Whatever pictures appear, omit them, and repeat the data below exactly.

DATASET CONTENT:
* * * * *

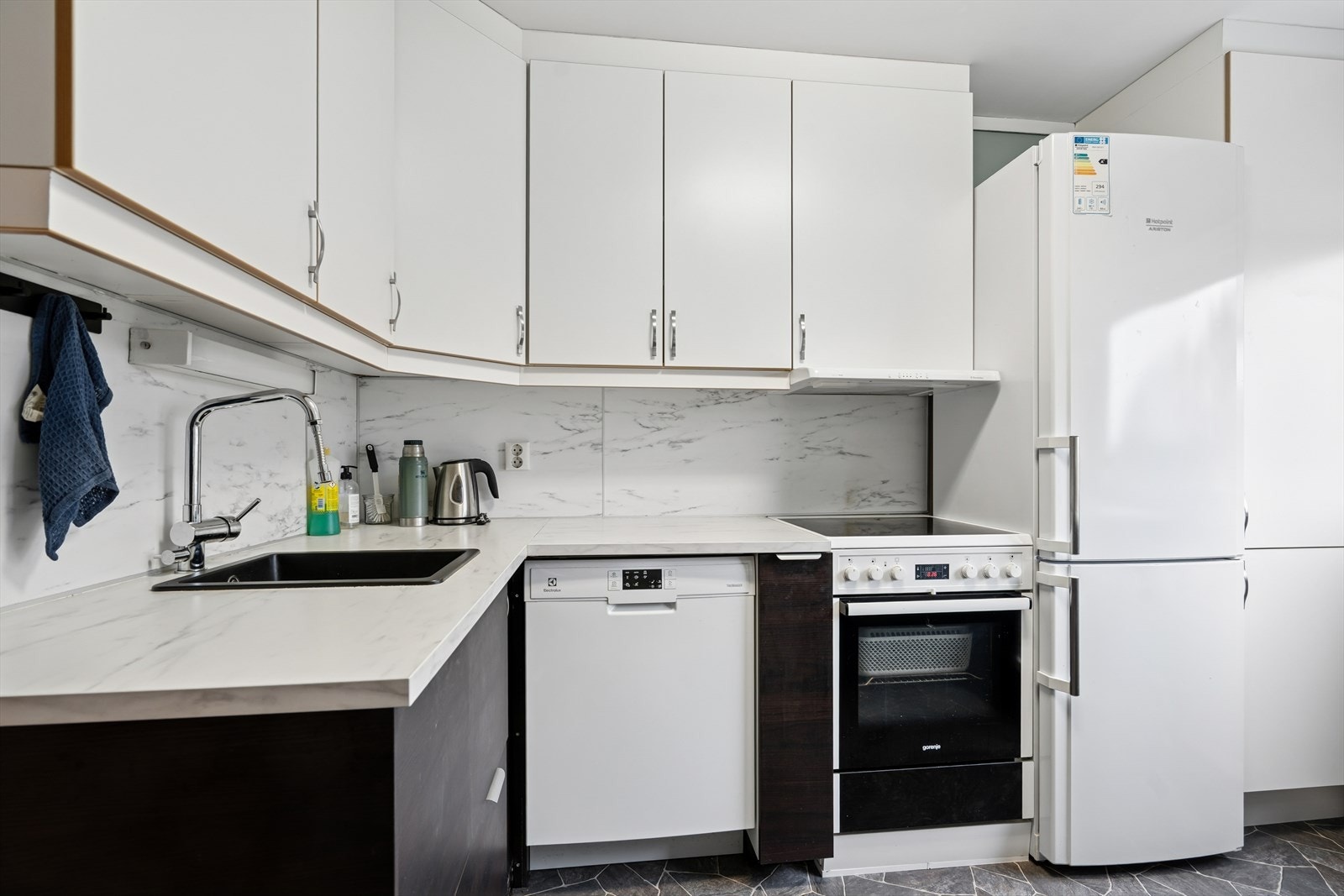 Vedrørende hvitevarer, se pkt. "løsøre og tilbehør" i salgsoppgaven. Det ble montert ny vv-bereder i 2020. Galleribilde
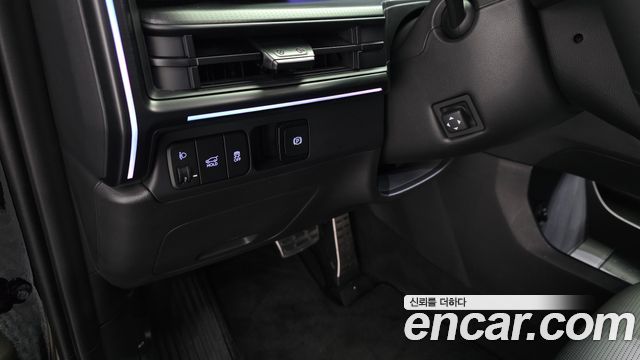 Hyundai Santafe 2024 — photo 29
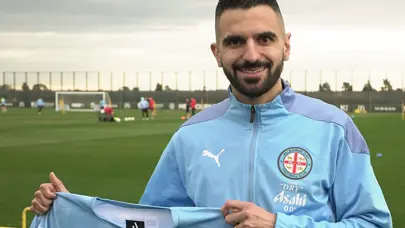 Yıllar sonra geri döndü; Aziz Behich'ten 2 yıllık imza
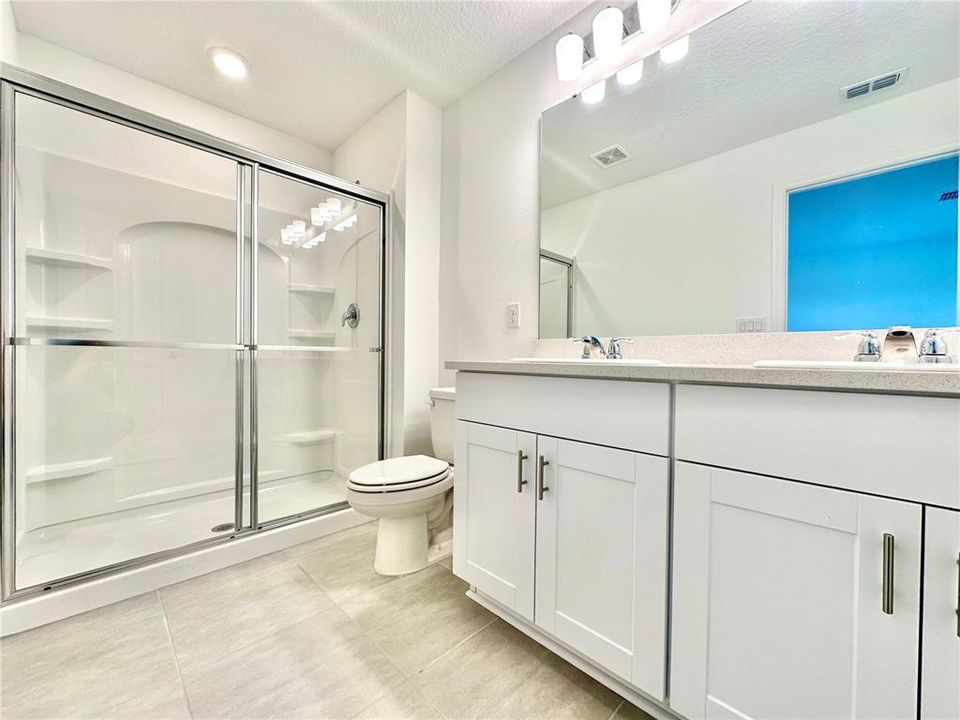 For Rent: $2,075 (3 beds, 2 baths, 1373 Square Feet)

* * * * *

ANSWER SPACE:
 Vedrørende hvitevarer, se pkt. "løsøre og tilbehør" i salgsoppgaven. Det ble montert ny vv-bereder i 2020. Galleribilde
 Hyundai Santafe 2024 — photo 29
 Yıllar sonra geri döndü; Aziz Behich'ten 2 yıllık imza
 For Rent: $2,075 (3 beds, 2 baths, 1373 Square Feet)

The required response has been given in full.